The “Super-Earth” exoplanet has discovered that it orbits one of the oldest stars in the Milky Way

Scientists have located a “Super Earth” that is believed to orbit one of the oldest stars in the Milky Way galaxy. The exoplanet gets its title because it is suspected to be about three times the mass of Earth, with a size 50% larger than our home planet.

The planet, known as TOI-561b, has been described in a new study accepted for publication in The Astronomical Journal. Despite the planet’s mass, its density is about the same as that of Earth, astronomers in the study found.

“We report the discovery of TOI-561, a multi-planet system in the thick galactic disk that contains a rocky, ultra-short-lived planet (USP),” the study said.
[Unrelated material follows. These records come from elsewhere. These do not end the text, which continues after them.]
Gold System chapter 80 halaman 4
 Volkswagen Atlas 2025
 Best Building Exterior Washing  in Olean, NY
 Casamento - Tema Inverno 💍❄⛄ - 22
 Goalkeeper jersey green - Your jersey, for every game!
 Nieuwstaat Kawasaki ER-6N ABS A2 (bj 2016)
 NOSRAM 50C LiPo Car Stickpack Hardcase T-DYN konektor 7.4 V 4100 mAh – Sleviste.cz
The planet gets its name from NASA’s Transiting Exoplanet Survey Satellite (TESS) in 2018. The “TOI” in TOI-561b means TESS. It is located outside the solar system, in the thick galactic disk of the Milky Way, explains a CNN report. Due to the proximity of the host star, it takes less than half a day on Earth to complete an orbit around it.

“For every day you are on Earth, this planet orbits its star twice,” Stephen Kane, co-author of the study and astrophysicist at the University of California, Riverside, said in a statement. The researchers determined the mass, radius and density of the planet using the WM Keck Observatory in Hawaii.


(Representative image: Reuters)

This approach to the “super-Earth” results in an average surface temperature on the planet that exceeds 2,000 Kelvin or 3,140 degrees Fahrenheit. TOI-561b is therefore too hot to be habitable. Although astronomers know that the rocky planet and its star form a 10 billion-year-old system, they wonder if the planet has sheltered life at some point in its past.

“TOI-561b is one of the oldest rocky planets ever discovered,” study lead author Lauren Weiss said in a statement. “Its existence shows that the universe has formed rocky planets close to its creation 14 billion years ago.” In comparison, our sun is only 4.5 billion years old.

Such older planets turn out to be less dense than the more recently formed planets. This is because there were not as many heavy elements present in the universe at that time. Such elements were eventually created by stars that met in a supernova.

The study highlights two other planets orbiting the star, both of which are probably gaseous and larger than TOI-561b.